◆ Supplied data ◆
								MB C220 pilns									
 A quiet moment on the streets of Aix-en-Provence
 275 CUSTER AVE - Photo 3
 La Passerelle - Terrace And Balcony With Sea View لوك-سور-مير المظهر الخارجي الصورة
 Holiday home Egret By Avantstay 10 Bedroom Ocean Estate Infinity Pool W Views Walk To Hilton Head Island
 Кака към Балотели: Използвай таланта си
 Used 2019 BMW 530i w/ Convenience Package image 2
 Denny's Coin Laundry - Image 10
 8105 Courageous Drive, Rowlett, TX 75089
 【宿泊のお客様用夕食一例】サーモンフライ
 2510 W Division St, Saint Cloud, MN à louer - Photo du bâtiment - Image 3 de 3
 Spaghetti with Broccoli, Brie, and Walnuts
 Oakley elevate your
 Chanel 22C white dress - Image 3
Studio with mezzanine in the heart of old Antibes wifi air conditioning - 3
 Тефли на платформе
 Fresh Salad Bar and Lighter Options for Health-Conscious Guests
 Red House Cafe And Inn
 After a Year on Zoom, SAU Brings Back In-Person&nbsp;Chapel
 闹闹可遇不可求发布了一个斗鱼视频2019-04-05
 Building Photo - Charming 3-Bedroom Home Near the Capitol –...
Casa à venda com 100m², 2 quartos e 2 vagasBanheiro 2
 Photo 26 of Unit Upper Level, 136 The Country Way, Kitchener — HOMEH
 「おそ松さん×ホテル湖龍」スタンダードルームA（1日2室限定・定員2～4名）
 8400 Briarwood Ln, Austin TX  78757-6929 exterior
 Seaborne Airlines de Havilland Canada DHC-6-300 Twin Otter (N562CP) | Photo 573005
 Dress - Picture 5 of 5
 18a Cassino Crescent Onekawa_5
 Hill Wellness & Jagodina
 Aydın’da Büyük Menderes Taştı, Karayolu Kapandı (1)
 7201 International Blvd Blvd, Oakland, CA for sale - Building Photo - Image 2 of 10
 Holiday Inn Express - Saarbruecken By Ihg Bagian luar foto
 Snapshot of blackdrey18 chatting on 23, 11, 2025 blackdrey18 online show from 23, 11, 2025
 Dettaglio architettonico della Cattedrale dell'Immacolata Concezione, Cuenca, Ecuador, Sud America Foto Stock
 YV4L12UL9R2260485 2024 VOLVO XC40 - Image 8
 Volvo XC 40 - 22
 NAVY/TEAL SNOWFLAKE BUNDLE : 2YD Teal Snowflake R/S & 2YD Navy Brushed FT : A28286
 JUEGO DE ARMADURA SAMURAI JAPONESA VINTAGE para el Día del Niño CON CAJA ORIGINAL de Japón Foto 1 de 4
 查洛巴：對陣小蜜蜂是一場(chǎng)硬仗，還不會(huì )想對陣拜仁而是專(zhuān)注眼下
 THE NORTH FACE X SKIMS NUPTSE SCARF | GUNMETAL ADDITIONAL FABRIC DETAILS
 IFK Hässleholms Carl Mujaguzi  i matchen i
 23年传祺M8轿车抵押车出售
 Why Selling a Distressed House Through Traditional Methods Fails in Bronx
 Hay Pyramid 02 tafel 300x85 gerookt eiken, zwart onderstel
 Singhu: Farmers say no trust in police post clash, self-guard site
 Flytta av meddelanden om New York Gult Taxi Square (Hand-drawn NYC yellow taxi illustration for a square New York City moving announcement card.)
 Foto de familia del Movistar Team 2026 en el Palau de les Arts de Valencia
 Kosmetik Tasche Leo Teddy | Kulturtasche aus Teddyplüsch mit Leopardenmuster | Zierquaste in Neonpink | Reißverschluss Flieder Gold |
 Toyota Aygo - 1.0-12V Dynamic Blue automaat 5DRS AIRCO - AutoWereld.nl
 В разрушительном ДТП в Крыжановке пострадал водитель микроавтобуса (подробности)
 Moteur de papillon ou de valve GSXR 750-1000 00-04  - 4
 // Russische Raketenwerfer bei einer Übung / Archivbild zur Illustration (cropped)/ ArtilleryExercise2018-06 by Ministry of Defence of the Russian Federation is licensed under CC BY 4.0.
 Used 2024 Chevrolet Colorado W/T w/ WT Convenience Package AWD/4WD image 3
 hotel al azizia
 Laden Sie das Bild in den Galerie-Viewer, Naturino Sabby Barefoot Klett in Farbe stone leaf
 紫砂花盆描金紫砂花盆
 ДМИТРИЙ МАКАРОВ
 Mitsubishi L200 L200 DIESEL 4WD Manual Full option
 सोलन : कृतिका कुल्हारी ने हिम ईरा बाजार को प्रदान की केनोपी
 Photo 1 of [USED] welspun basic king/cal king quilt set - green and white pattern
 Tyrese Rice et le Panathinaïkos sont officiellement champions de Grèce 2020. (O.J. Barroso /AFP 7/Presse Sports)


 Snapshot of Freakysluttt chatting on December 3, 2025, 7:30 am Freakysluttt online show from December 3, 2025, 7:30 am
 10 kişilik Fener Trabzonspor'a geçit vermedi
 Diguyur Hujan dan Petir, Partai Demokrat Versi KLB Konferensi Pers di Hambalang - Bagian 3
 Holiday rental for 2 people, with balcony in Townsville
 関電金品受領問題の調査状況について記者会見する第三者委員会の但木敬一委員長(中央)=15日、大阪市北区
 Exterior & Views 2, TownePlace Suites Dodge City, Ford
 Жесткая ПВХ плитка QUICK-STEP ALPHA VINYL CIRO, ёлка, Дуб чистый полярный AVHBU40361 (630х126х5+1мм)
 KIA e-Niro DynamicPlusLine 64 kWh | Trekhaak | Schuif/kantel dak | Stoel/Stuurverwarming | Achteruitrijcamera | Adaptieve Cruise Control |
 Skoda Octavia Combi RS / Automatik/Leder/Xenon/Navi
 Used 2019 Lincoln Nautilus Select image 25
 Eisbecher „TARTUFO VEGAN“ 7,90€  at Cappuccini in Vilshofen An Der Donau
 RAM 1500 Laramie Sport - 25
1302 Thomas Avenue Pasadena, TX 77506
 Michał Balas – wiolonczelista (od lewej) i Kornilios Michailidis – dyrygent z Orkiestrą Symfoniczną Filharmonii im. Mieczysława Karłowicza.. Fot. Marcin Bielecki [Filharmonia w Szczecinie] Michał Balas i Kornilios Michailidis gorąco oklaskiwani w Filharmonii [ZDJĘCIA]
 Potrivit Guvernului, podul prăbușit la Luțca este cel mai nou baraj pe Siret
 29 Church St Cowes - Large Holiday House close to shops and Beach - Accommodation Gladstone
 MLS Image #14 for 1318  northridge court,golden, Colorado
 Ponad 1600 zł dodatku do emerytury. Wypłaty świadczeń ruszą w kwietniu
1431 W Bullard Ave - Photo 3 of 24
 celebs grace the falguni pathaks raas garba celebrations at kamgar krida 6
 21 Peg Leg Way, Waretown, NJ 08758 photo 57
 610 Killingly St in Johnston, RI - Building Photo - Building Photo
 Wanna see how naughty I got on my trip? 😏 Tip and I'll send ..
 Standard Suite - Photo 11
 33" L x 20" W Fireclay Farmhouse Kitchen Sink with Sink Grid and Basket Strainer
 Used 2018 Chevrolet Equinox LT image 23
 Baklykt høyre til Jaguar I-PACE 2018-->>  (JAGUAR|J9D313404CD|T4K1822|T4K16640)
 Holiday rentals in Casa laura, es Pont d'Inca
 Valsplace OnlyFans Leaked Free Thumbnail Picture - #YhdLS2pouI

◆ Requirement ◆
Nothing past the line containing "2510 W Division" should be restated; transcribe the material exactly from its first line through that line.

◆ Solution below ◆
								MB C220 pilns									
 A quiet moment on the streets of Aix-en-Provence
 275 CUSTER AVE - Photo 3
 La Passerelle - Terrace And Balcony With Sea View لوك-سور-مير المظهر الخارجي الصورة
 Holiday home Egret By Avantstay 10 Bedroom Ocean Estate Infinity Pool W Views Walk To Hilton Head Island
 Кака към Балотели: Използвай таланта си
 Used 2019 BMW 530i w/ Convenience Package image 2
 Denny's Coin Laundry - Image 10
 8105 Courageous Drive, Rowlett, TX 75089
 【宿泊のお客様用夕食一例】サーモンフライ
 2510 W Division St, Saint Cloud, MN à louer - Photo du bâtiment - Image 3 de 3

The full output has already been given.